Word2VecのCBOWをPyTorchで実装する

Posted at 2022-04-08

Word2Vecといっても、その実装には色んなバリエーションがあるそうですが、その中の CBOW (Continuous bag-of-words) ってのを PyTorch で実装してみました。あくまで勉強用であって、実用向きではありません。

学習済みモデルを Google Colaboratory に保存するための準備

次のようにして Google Colaboratory にマウントします。

from google.colab import drive
drive.mount('/content/drive')

Mounted at /content/drive

学習済みモデルを保存するためのディレクトリを指定します。なければ作ります。

import os

directory_path = './drive/MyDrive/word2vec3/'
if not os.path.exists(directory_path):
    os.makedirs(directory_path)

練習用データ

UCI の Machine-Learning Repository の SMS Spam Collection データセットを使います。与えられた文章から、それがスパムかどうかを判定する問題に用いますが、今回はスパムかどうかは判定せず、文章だけを使います。

import os
import requests
from zipfile import ZipFile
import io
import csv

save_file_name = os.path.join("temp", "temp_spam_data.csv")

# もしも元データがなければダウンロードする
if not os.path.exists("temp"):
    os.makedirs("temp")

if not os.path.isfile(save_file_name):
    zip_url = "http://archive.ics.uci.edu/ml/machine-learning-databases/00228/smsspamcollection.zip"
    r = requests.get(zip_url)
    z = ZipFile(io.BytesIO(r.content))
    file = z.read("SMSSpamCollection")

    text_data = file.decode()
    text_data = text_data.encode('ascii', errors='ignore')
    text_data = text_data.decode().split("\n")
    text_data = [x.split("\t") for x in text_data if len(x) > 1]
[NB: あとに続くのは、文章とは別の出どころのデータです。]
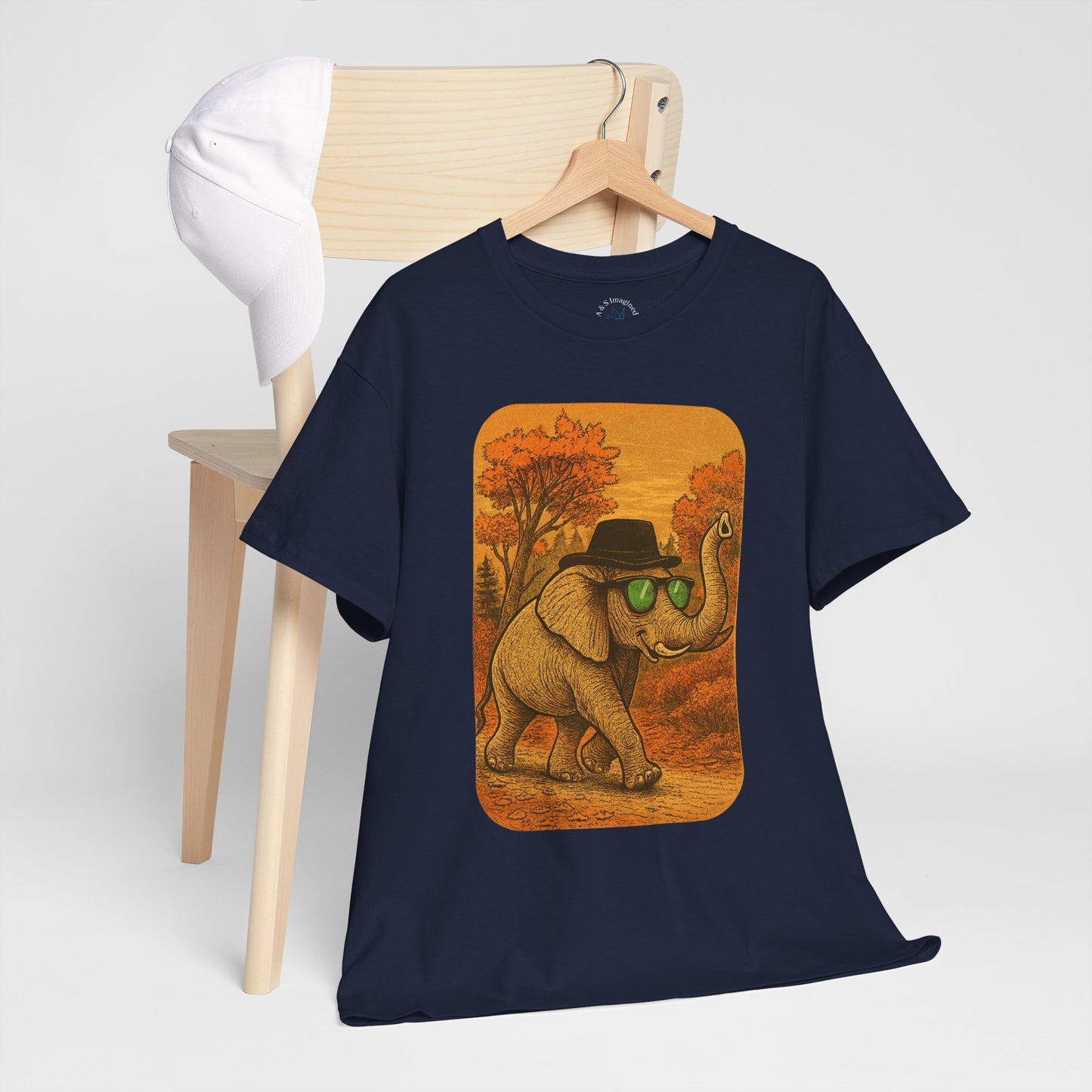 Elephant Autumn Stroll Tee | Vintage Fall Animal Shirt | Retro Nature Elephant Graphic T-Shirt | Cozy Fall Aesthetic TShirt | Unisex Casual Shirt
    with open(save_file_name, "w") as temp_output_file:
        writer = csv.writer(temp_output_file)
        writer.writerows(text_data)

# もし元データがあればそれを読み込む
else:
    text_data = []
    with open(save_file_name, "r") as temp_output_file:
        reader = csv.reader(temp_output_file)
        for row in reader:
            text_data.append(row)

texts = [x[1] for x in text_data]
target = [x[0] for x in text_data]

データの前処理

語彙の最終的なサイズを減らすために、テキストを正規化します。具体的には、テキストの大文字小文字の区別をなくしたり、数字を除いたり、余分なスペースを除いたり、句読点を除いたりします。

# 小文字に変換
texts = [x.lower() for x in texts]

# 数字を削除
texts = ["".join(c for c in x if c not in '0123456789') for x in texts]

# 余分なホワイトスペースを除去
texts = [" ".join(x.split()) for x in texts]

import string

# 句読点を削除
texts = ["".join(c for c in x if c not in string.punctuation) for x in texts]

ここでは、１つの文あたりの単語数を 25 とし、3 回以上出現しない単語も取り除きます。
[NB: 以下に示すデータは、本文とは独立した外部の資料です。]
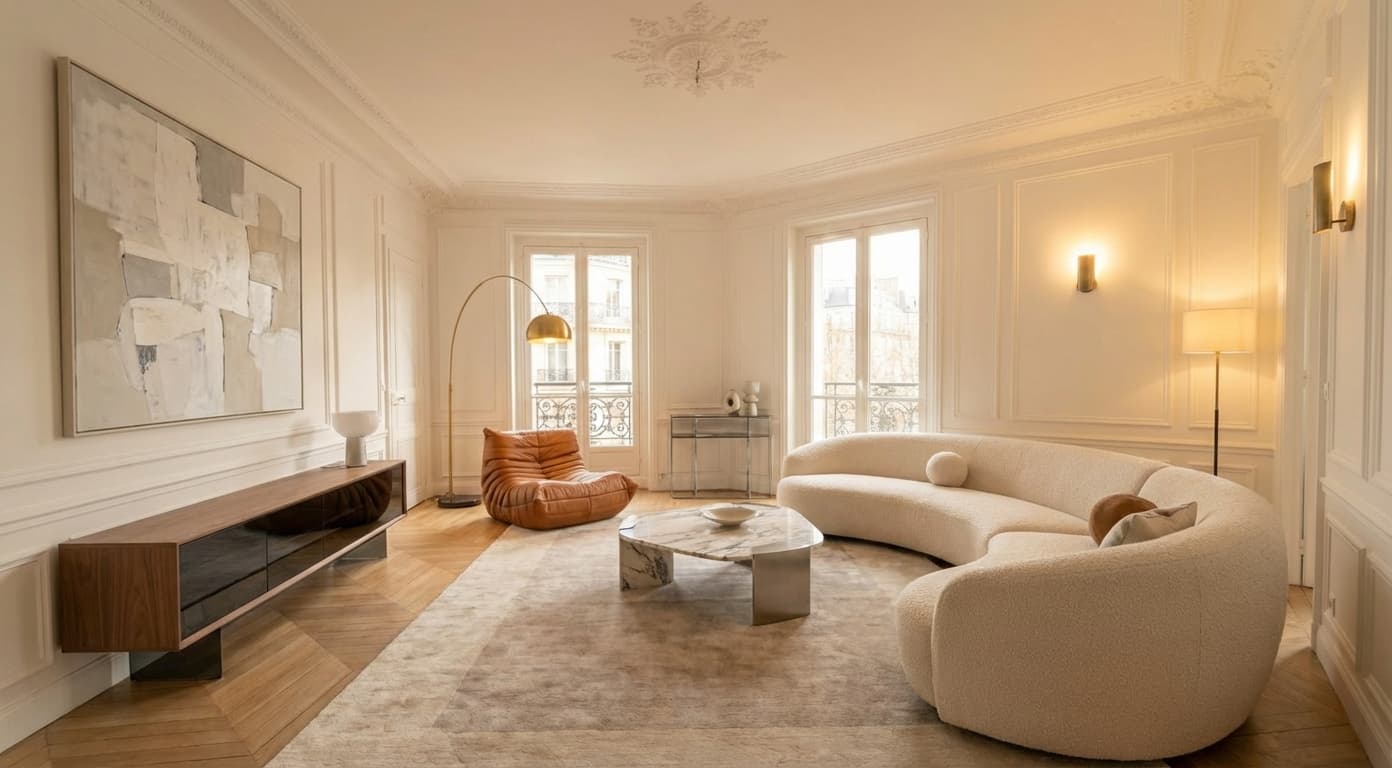 Pièce décorée style Moderne — Salon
class VocabularyProcessor:
    def __init__(self, sentence_size, min_frequency=3):
        self.sentence_size = sentence_size
        self.min_frequency = min_frequency
        self.freq = {}
        self.vocabulary_ = []
        self.vocab = {}
    
    def fit_transform(self, texts):
        freq = {}
        for sentence in texts:
            for word in sentence.split():
                if word not in freq.keys():
                    freq[word] = 0
                freq[word] += 1

        for k, v in freq.items():
            if v >= self.min_frequency:
                self.freq[k] = v

        self.vocabulary_ = self.freq.keys()

        transformed_texts = []
        for sentence in texts:
            transformed_sentence = []
            for word in sentence.split():
                if word in self.freq.keys():
                    if word not in self.vocab:
                        self.vocab[word] = len(self.vocab)

                    transformed_sentence.append(word)

                if len(transformed_sentence) >= self.sentence_size:
                    break

            transformed_sentence = " ".join(transformed_sentence)
            transformed_texts.append(transformed_sentence)
        return transformed_texts

sentence_size = 25
min_word_freq = 3

vocab_processor = VocabularyProcessor(sentence_size, min_frequency=min_word_freq)
texts = vocab_processor.fit_transform(texts)

N-gram の作成

文章中に隣接して現れる単語の列を作ります。ついでに vocab として、単語集を作ります。

n_grams = []
vocab = []
for text in texts:
    words = text.split()
    vocab += words
    n_grams += [([words[i], words[i+1], words[i+2], words[i+4], words[i+5], words[i+6]], words[i+3])
                for i in range(len(words) - 6)]

vocab = list(set(vocab))

vocab は保存しておいた方がいいですね。

import pickle

with open(directory_path + "vocab.pkl", 'wb') as f:
    pickle.dump(vocab, f)

CBOW (Continuous bag-of-words) モデル

次のように CBOW (Continuous bag-of-words) モデルを設計します。

import torch

class CBOW(torch.nn.Module):

    def __init__(self, vocab_size, embedding_dim, context_size):
        super(CBOW, self).__init__()
        self.embeddings = torch.nn.Embedding(vocab_size, embedding_dim)
        self.linear1 = torch.nn.Linear(context_size * embedding_dim, 128)
        self.linear2 = torch.nn.Linear(128, vocab_size)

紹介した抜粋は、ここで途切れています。